Banyak hal yang Anda berikan pada Ale, banyak hal yang selalu Anda ajarkan pada Ale, perihal melukis, jago menulis, semua Anda yang mengajarkan bahkan sampe dunia khayal milik mereka berdua. Anda segalanya untuk Ale, saat-saat rindu ayahnya Anda yang selalu mengajaknya berkelana entah ke pantai, beberapa tempat nongkrong, sampai di suatu tempat yang saat ini selalu jadi tempat favorit Ale. Sebuah taman yang tidak jauh dari rumah mereka, taman tersembunyi yang tidak terlalu banyak orang yang tahu. Terakhir kali Anda pamit pada Ale adalah di taman itu. Makanya Ale selalu menjadikan taman itu sebagai tempat favoritnya selain pantai. Waktu itu Ale ingat sekali Anda pernah berkata :

"Ale, waktu itu selalu berjalan ... kadang terasa lambat, kadang juga terasa cepat. Tidak peduli kita suka atau tidak, kita mau atau tidak mau. Kalau boleh ingin sekali aku menghentikan waktu tiap-tiap kita bersama biar bisa sama-sama terus ...."

"Lah, kan bisa tiap hari sama-sama Nda. Rumah kita deket, tinggal manggil doang."

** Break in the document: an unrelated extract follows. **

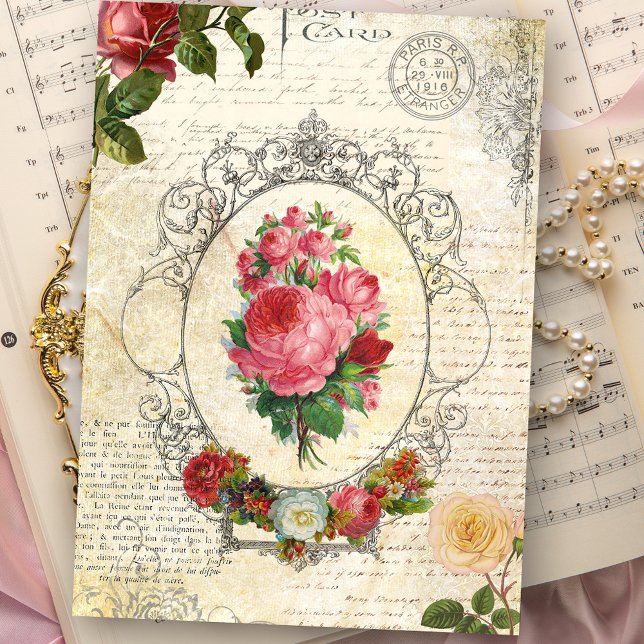 Papel De Seda Rosa francés de época Ephemera Decoupage (Subido por el creador)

"Ga gitu Ale ku, waktu juga akan selalu membuat kita bisa berpisah. Jadi berpisah kadang bukan karena kita pengen, tapi waktu yang memaksa kita untuk benar-benar ga ketemu lagi."

"Maksudnya?"

"Ale, seminggu lagi setelah kelulusan kita ... aku akan pindah ke Jogja. Tidak lagi di lombok dan entah aku tidak tahu bisa ketemu kamu lagi kapan Ale. Maaf jika aku tiba-tiba menghilang, terimakasih untuk bahagianya selalu, Al. tapi percayalah Ale ... aku akan pulang sekali lagi, untuk kamu."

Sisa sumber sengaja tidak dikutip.